When I first test drove the vehicle, the thing I complaint about was the adjustment control for the mirrors. I can't even drive and fix the mirror at the same time.
The power outlet it was easy to fix, I just bought an multi outlet adapter for the rear.



x-toba said:


> Obviously we all love our Xtrails and most of us are still surprised every day on how practical and adventurous this vehicle can be. But there must be some things that just annoy the heck out of us. I'll get it started:
> 
> 1. Location of the side mirror adjustment controls
> 2. Not enough power outlets
> 3. Arm rest not long or high enough


----------



## ERBell (Aug 7, 2005)

Some of the instruments like the cruise cont. Passenger and rear power window switches aren't illuminated at night.

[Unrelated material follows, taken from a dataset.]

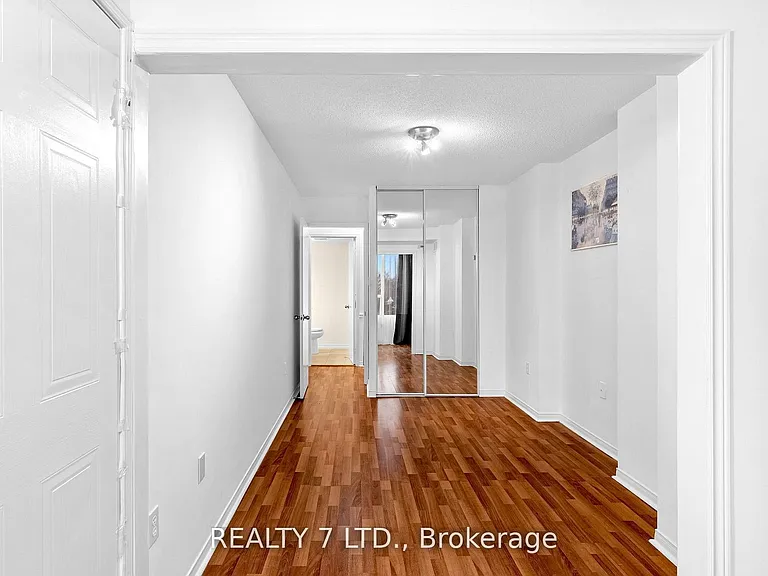 1270 Maple Crossing Blvd #412 — Photo 16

The center arm rest is useless and slides back and forth for no good reason.

The power seat switches are toggle switches which means they won't turn off until you turn them off. When you turn the car off and then start it up again you should have to turn them on again they shouldn't operated by a toggle switch.

The power locks don't lock when you reach a certian speed. And if you lock them you have to manualy unlock them to open the door. They should open when you pull the door handle from the inside. Even my 1990 chrysler daytona did that.


----------



## X-Traction (Dec 21, 2004)

x-toba said:


> 3. Arm rest not long or high enough


I haven't been in a modern vehicle that had the armrests in the right places, or the right shape. Or with the right padding. Like even cheap 10-20 year old cars do.

I have three theories about why this is so:

1. The designers have lop-sided bodies.
2. The stylists have too much power.
3. For side-impact protection, the drivers seatback is now typically inside the B pillar rather than overlapping the front door, the armrest is sunk in the door panel, and there's more space between the door and the driver's side.

If #1 is the real reason, they must have a big problem when they sit on the passengers side, where the layout is reversed. Annoying is right!


----------



## aussietrail (Sep 24, 2004)

V6 Engine


----------



## Terranismo (Aug 31, 2004)

Nags:

1. Interior quality and workmanship (includes rattles/squeaks and fading panels)
2. Seat upholstery.
3. Flimsy cupholders (I have the MK1 dash).
4. Cargo area gets easily scratched and lets luggage slide.
5. A-pillar visibility.
6. No depth adjustment in steering wheel.
7. Headrest and arm rest ergonomics.
8. Heavy clutch with to high pick-up point (a drag in stop and go traffic).

Problems:

1. Brake squeeling/squeaking.
2. Chipping paint.
3. Engine ingesting butterfly screw.
4. Cargo area and tweeter location noise.
5. Electrical system (A/C compressor surging and 4WD LOCK light).
6. Third gear grind in transmission.
7. Throttle body clogged.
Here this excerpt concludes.